8 Eylül 2021 Çarşamba

AĞAÇ EV SOHBETLERİ





ÖĞRETMEN OLMAK

               Yıllar ne çabuk geçiyor kuzum. Şimdi aynalara baktığımda tanıyamadığım bir yüz görüyorum, bana yabancı. Dilimde bir şiir...


ZİLLER ÇALACACAK

Zil çalacak... Sizler derslere gireceksiniz bir bir.
Zil çalacak, ziller çalacak benimçin,
Duyacağım, evlerden, kırlardan, denizlerden;
Tâ içimden birisi gidecek ardınızdan uça ese...
Ama ben, ben artık gidemeyeceğim.

Zil çalacak... Siz geminize, treninize gireceksiniz bir bir.
Zil çalacak, ziller çalacak benimçin,
Duyacağım, iskelelerden, istasyonlardan bütün;
Tâ içimden birisi koşacak ardınızdan...
Ama ben, ben artık gelemeyeceğim.

Sonra bir gün zil çalacak yine,
Hiç kimseler, kimsecikler duymayacak...
Ne sınıflar, ne iskeleler, ne istasyonlar, ne siz...
Tâ içimden birisi kalacak oralarda...
Ben gideceğim.

ZEKİ ÖMER DEFNE


                    Hatırlıyorum da bir gün bir öğrencim...  

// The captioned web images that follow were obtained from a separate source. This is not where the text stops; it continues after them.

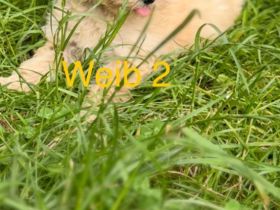 Maltipoo Weibschen Aprico**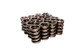 COMP Cams Valve Springs 1.540in 2 Spring 954-16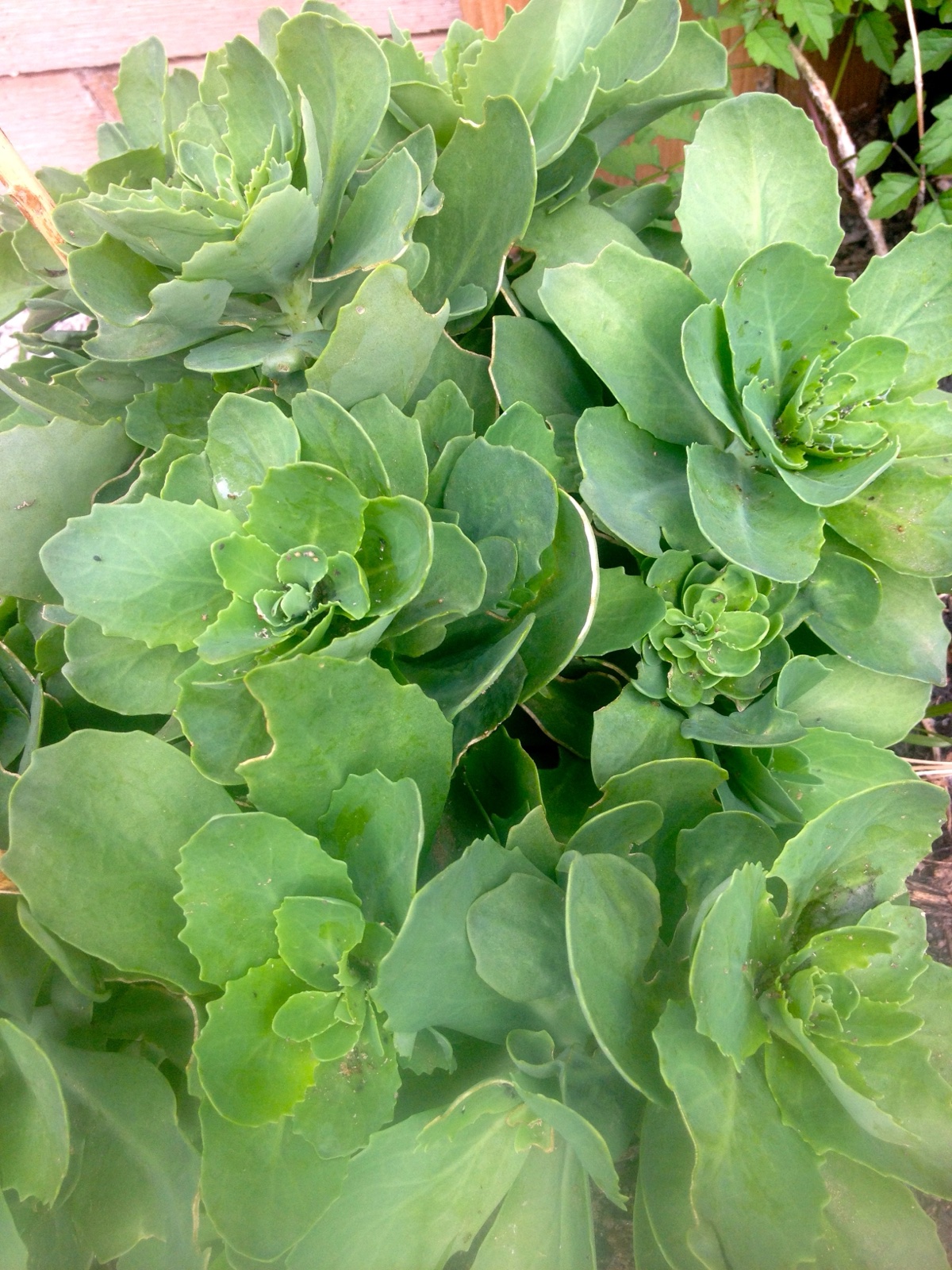 Mystery plant III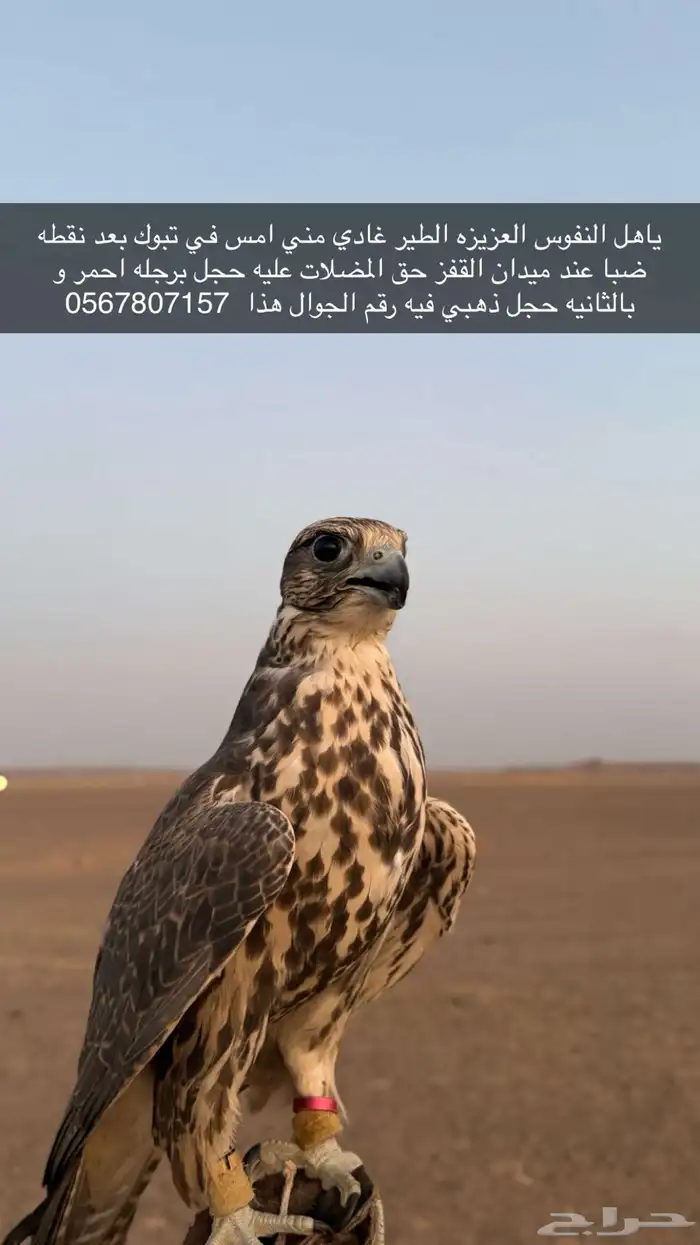 طير ضايع 0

                    Her gün, birçok öğrencim de aklımdan öyle çıkmıyordu. Bunun için kendimi zorlamıyordum. Aferin desinler diye yapmadım, teşekkür etsinler diye değil. Evlerine gidip ailelerini ziyaret ettiğimde, ihtiyaçları olduğunda yanlarında olduğumda...  Hatta vefasız olabileceklerini hep biliyordum. Genç onlar, başka hayalleri, düşünceleri var. Toprağa atılan tohum gibi unuttum yaptıklarımı. Bir ağaç olduklarında, meyve beklemedim.  

                    Her bir sınav kağıdını özenle okurken, cevaplardaki yanlışları kırmızı kalemle belirtip ya da doğrusunu yanına üşenmeden yazdıktan sonra, bazen dikkat etmeleri gerekenlere dikkat çektiğimde bile, karşılığında bir şey beklemedim. Sınav kağıtlarını dağıttım ardından, kontrol etmelerine izin verdim. Kendilerince hata bulduklarında, itiraz ettiklerinde, cezalandırmadım, tebrik ettim ki, gelecek hayatlarında kendilerine haksızlık edildiğinde ya da haksızlığa uğrandığını düşündükleri zaman, kimseden korkmadan medenice haklarını arasınlar.  Onları büyük bir sabırla ve şefkatle dinledim her zaman. İstedim ki dinlemeyi bilsinler. Saygı gösterdim ki, kendilerine ve başkalarına gereken saygıyı göstersinler.  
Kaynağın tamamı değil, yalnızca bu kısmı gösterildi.